PS. I wanted to kick myself because as I pulled the frames up from the top brood box they were stuck to the bottom frames and almost all the comb on the frames where they were stuck was drone brood ready to emerge in a week or so. Killed a lot of mature drones accidentally.


----------



## Harley Craig (Sep 18, 2012)

If you have drones and it's warm enough, you can split. Your 10 drones shouldn't be mating your queen anywyas ( never say never right) The point is that if you have them it's a safe bet that other hives in the area have them as well. with that said, waiting a couple weeks wont hurt unless they are about to split themselves anyways


----------



## rkereid (Dec 20, 2009)

Hibs06 said:


> How many drones (roughly) should I be seeing in order to split?


You don't need any drones to do a split. You need bees, brood, a way to make a queen, and a nutrition source. 

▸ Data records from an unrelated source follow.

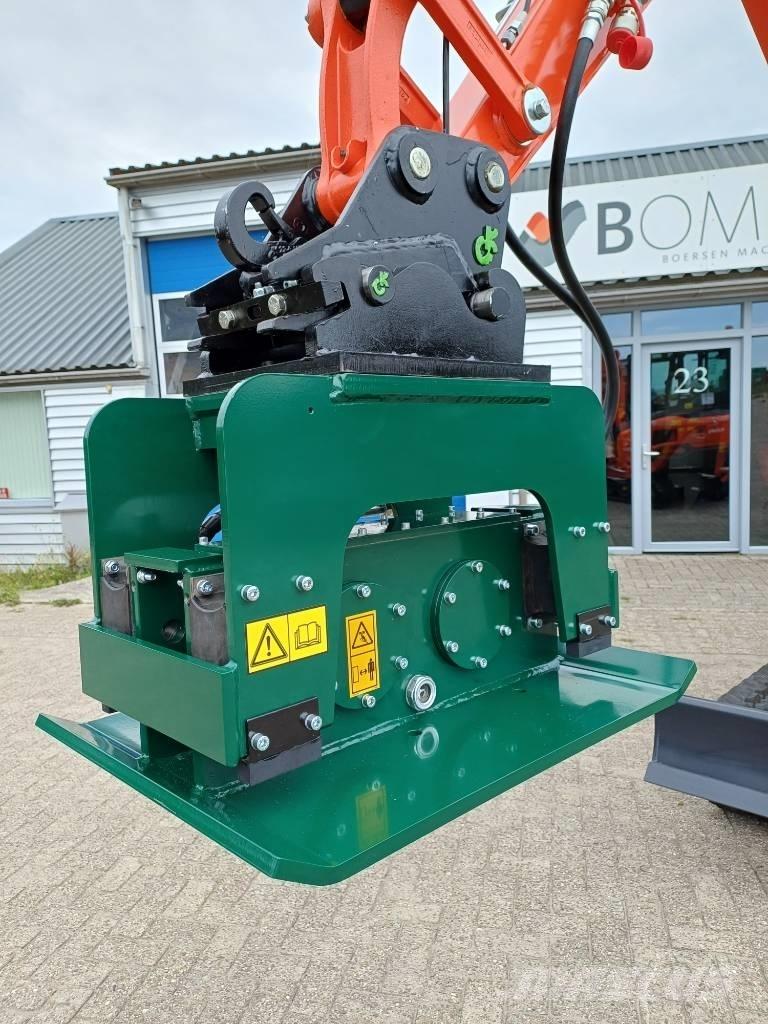 MCB  250 Vibrovasarad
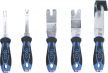 BGS technic Set demontat clipsuri si bumbi, 5piese (BGS 1328)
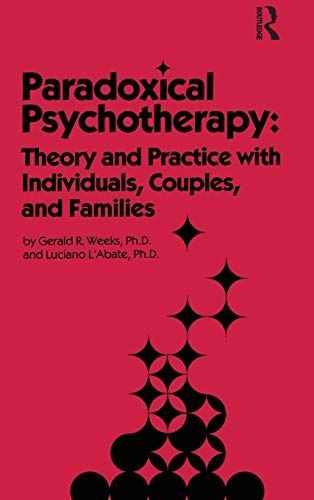 Paradoxical Psychotherapy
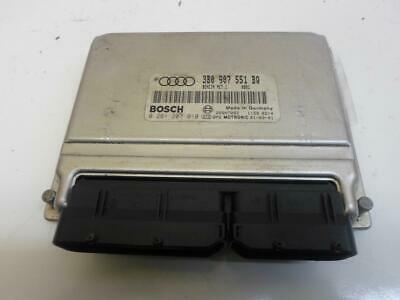 OEM Engine Computer Audi A4 2001 2002 3B0907551Bq 2.8L ECU ECM PCM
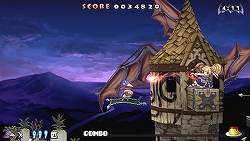 画像ギャラリー No.002のサムネイル画像 / 日本一ソフトウェア初のアクションゲーム，「プリニー 〜オレが主人公でイイんスか？〜」の新情報が公開に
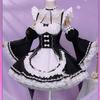 Karnevalkostymer för dam – Anime-cosplay kostymer för dam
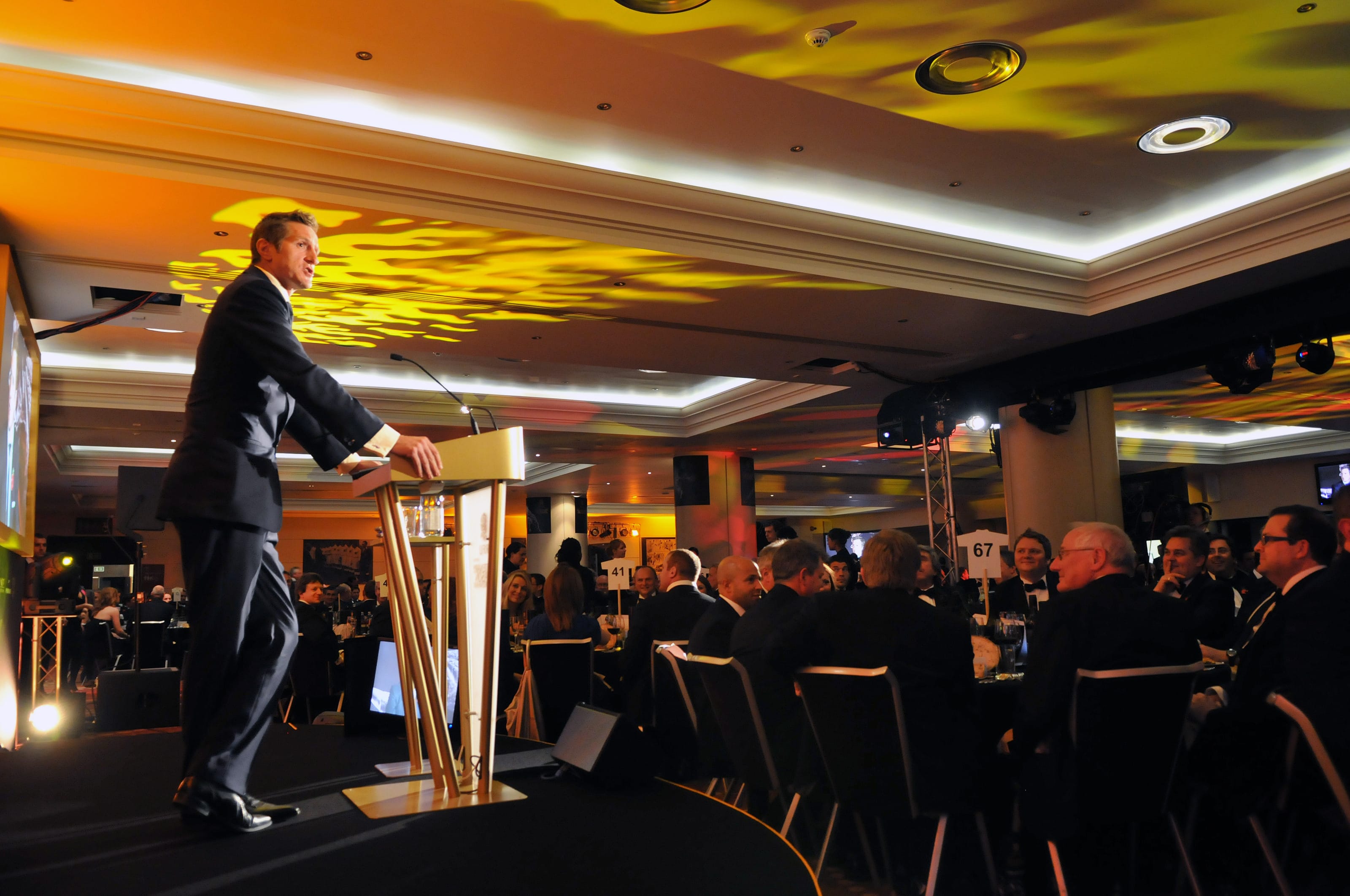 Photo of Allianz Stadium, Rose Suite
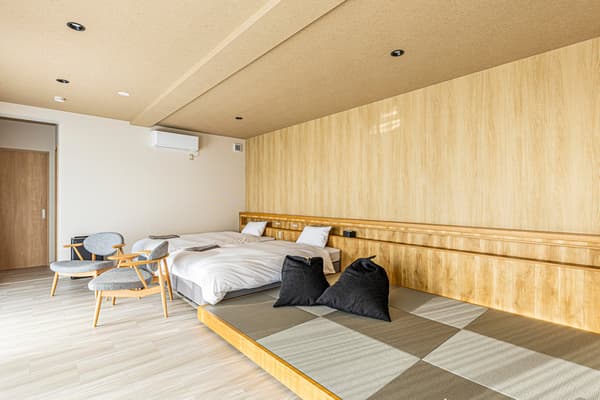 室内（所有客房）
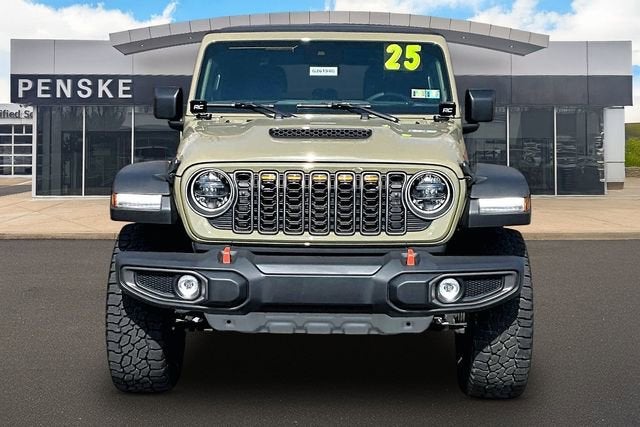 2025 Jeep Gladiator Mojave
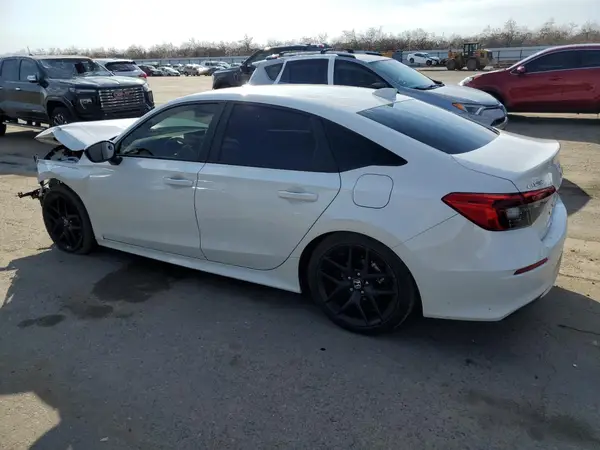 2HGFE2F5XRH582662 2024 HONDA CIVIC - Image 2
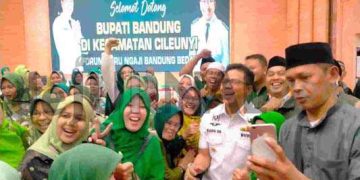 Bupati Berencana Gelar Jambore Guru Ngaji se-Kabupaten Bandung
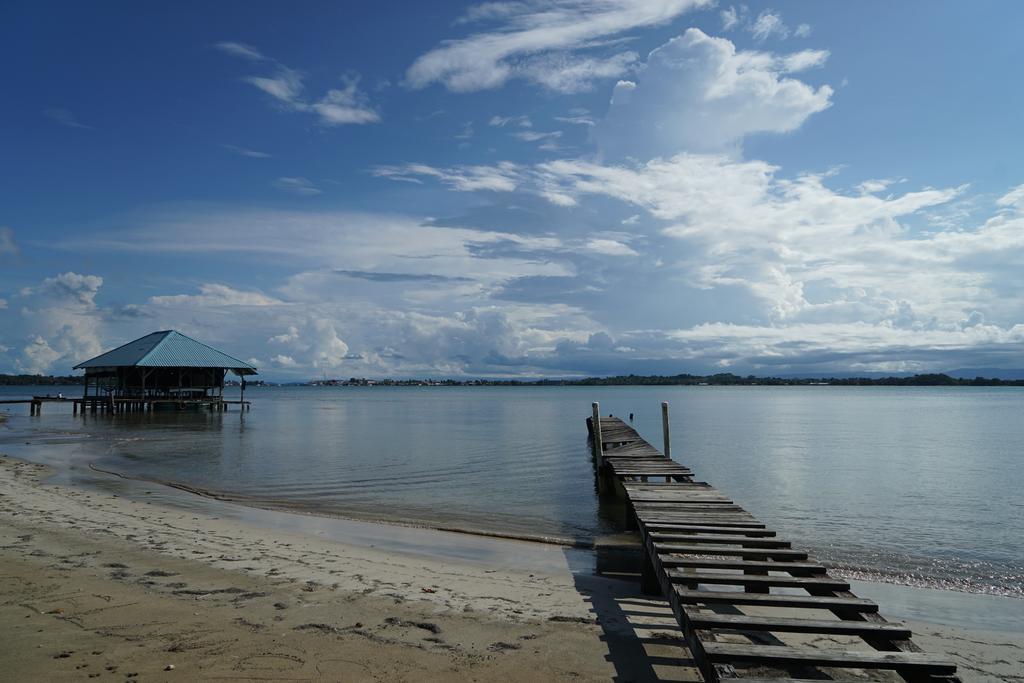 Surf Camp Hotel Bocas Town Luaran gambar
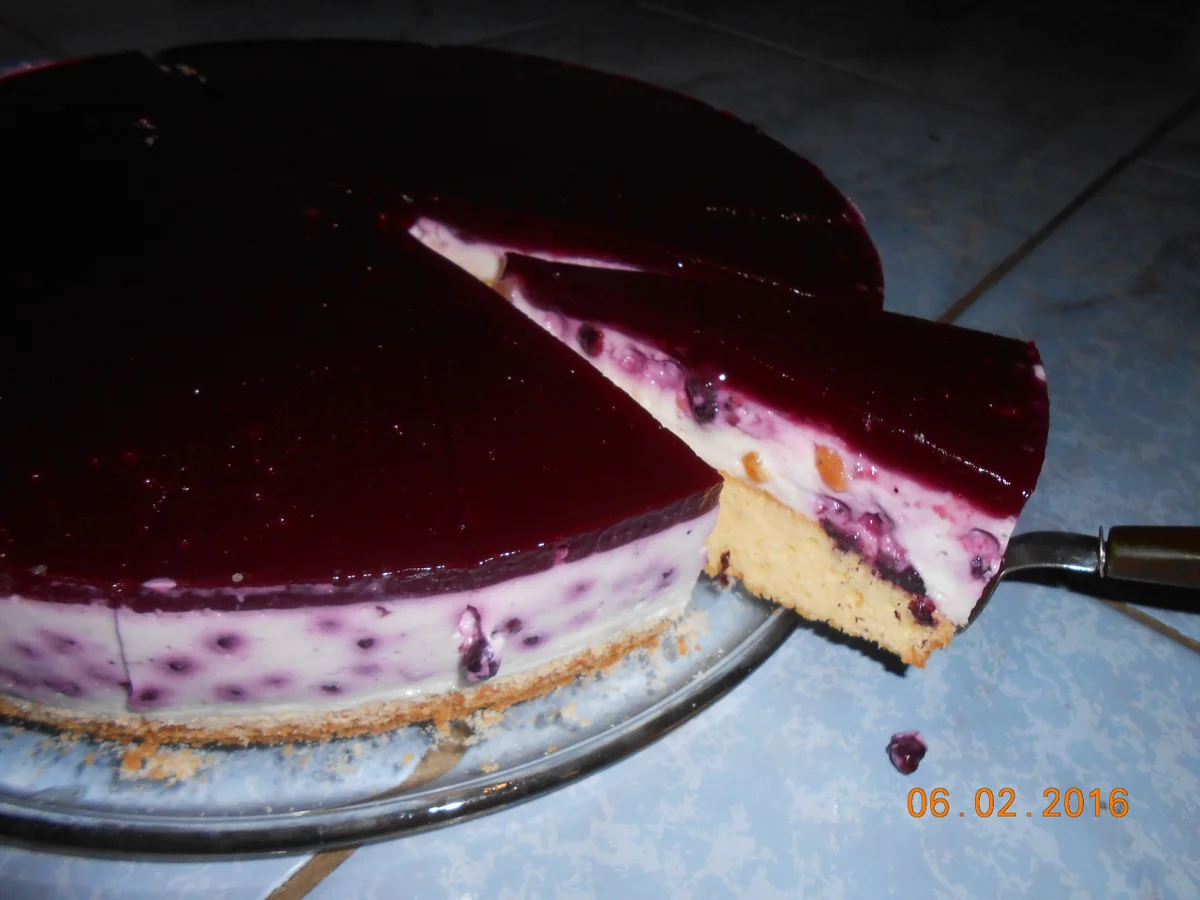 Fruchtige - Joghurt - Torte - Rezept - Bild Nr. 4954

If you are raising a queen or installing a virgin queen, you will need mature drones and good weather.


----------



## bison (Apr 27, 2011)

I'm just south of you in Marin - it's awfully close to the time you can split a strong hive. As you saw, drones are starting to appear and there will be more in a couple of weeks when your new queen is out on her mating flights. Make sure the hive you want to split has plenty of bees (at least 7 or so frames of bees) and plenty of stores of honey and pollen for both the mother hive and the split. Rain is coming next week so might not be the best time to split.


----------



## ToeOfDog (Sep 25, 2013)

Your queen will mate with someone elses drone so how many you have is irrelevant. The idea is if you have them others have them.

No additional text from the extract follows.